Tradutores: Tatiane Ribeiro, Ana Luiza Cabrera Martimbianco, Rachel Riera


Veredito: É preciso precaução na utilização de anti-inflamatórios não esteroidais (AINEs) no contexto de infecções respiratórias agudas (IRAs). Condições de saúde preexistentes e medicamentos em uso são informações que precisam ser consideradas ao se decidir sobre a prescrição de AINEs para IRA sintomática. A menor dose efetiva deve ser prescrita e pelo menor período possível. O uso de AINEs por via parenteral deve ser evitado.

Os AINEs não reduzem de modo significativo os sintomas ou duração das infecções respiratórias.

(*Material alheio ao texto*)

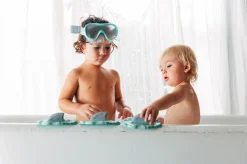 Oli & Carol Water Shark Bath Toy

Os AINEs são amplamente utilizados por pacientes com IRA ou resfriado comum para alívio de dor e febre. Os benefícios e riscos de seu uso devem ser considerados. As evidências atuais sobre o coronavírus ainda são escassas, e por isso, as evidências sobre IRAs têm sido utilizadas como base para esta revisão.

Os AINEs aumentam as taxas de infarto do miocárdio em pacientes com IRAs?

(Data de atualização: 17/03/2020 e Data da tradução: 19/03/2020)

Doenças semelhantes à gripe e às IRAs estão associadas a aumento do risco de infarto agudo do miocárdio (IAM). Uma metanálise de 16 estudos caso-controle identificou que as doenças semelhantes à influenza eram duas vezes mais prováveis de ocorrer entre pessoas com IAM (Odds Ratio [OR]: 2,01; IC 95%: 1,47-2,76) (1).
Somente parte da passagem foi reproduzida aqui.